### DATA EXCERPT
━━━

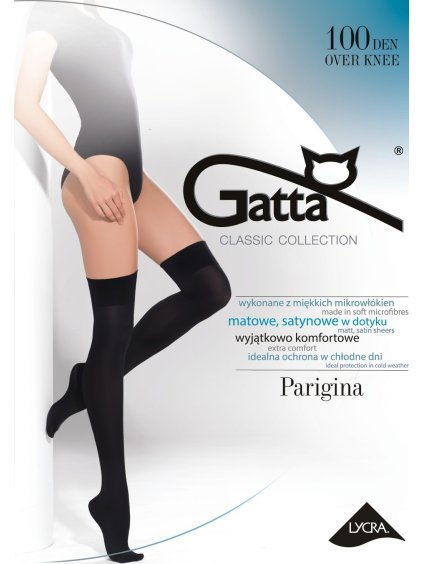 ČERNÉ NADKOLENKY GATTA 3756 PARIGINA 100 DEN
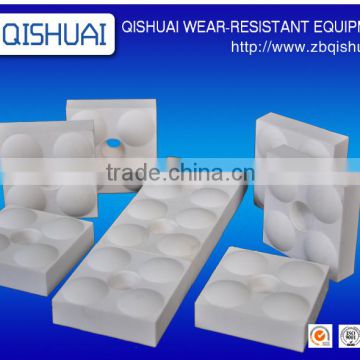 92% AL2O3 alumina ceramic hexagonal lining tile for equipment liner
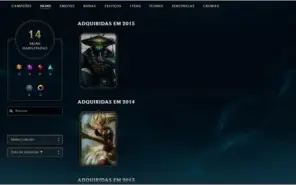 1 ACC League of Legends Iniciante!!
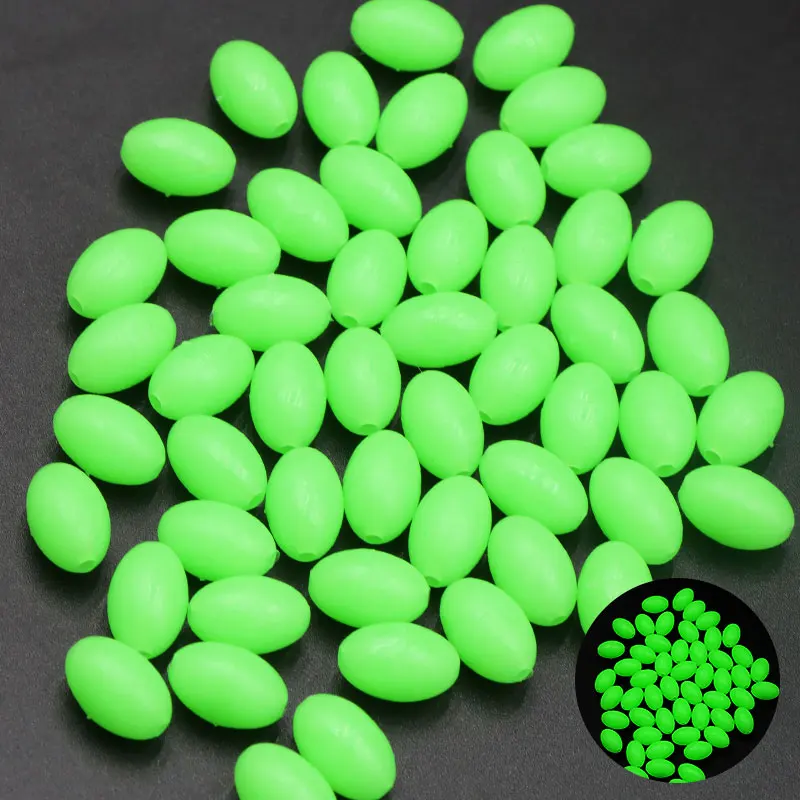 ShareShark cuentas fluorescentes ovales plásticas para montaje - imagen 5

━━━

Take every line of the material and copy it exactly, leaving out the pictures.

### SOLVED PROBLEM
 ČERNÉ NADKOLENKY GATTA 3756 PARIGINA 100 DEN
 92% AL2O3 alumina ceramic hexagonal lining tile for equipment liner
 1 ACC League of Legends Iniciante!!
 ShareShark cuentas fluorescentes ovales plásticas para montaje - imagen 5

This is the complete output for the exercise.